Source data:
▽

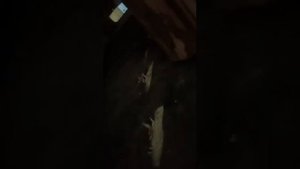 Как правильно растопить русскую печь??? угар!!!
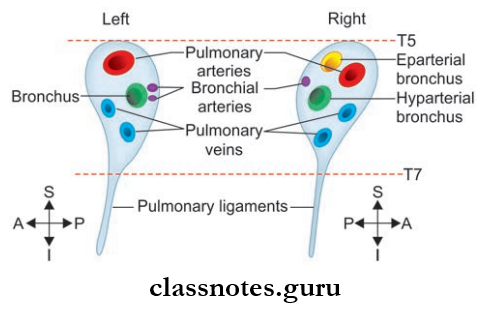 Lungs Relationship Of Structures At Hilum Of Right Lung And left Lung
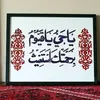 ali7419319581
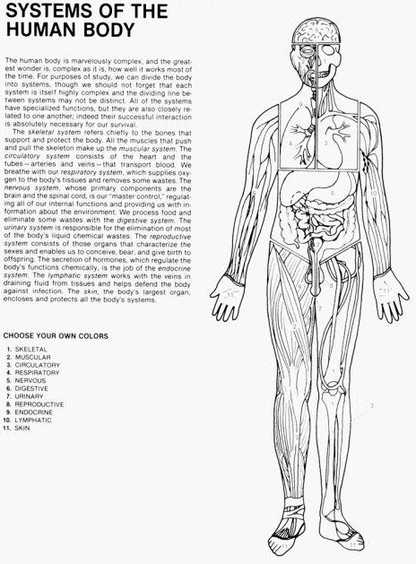 Human Anatomy Coloring Book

△

What you are asked to do:
Working from the line containing "Lungs Relationship Of" to the last line of the data, retype every line exactly, both ends included, and leave out all pictures.

Solution below:
 Lungs Relationship Of Structures At Hilum Of Right Lung And left Lung
 ali7419319581
 Human Anatomy Coloring Book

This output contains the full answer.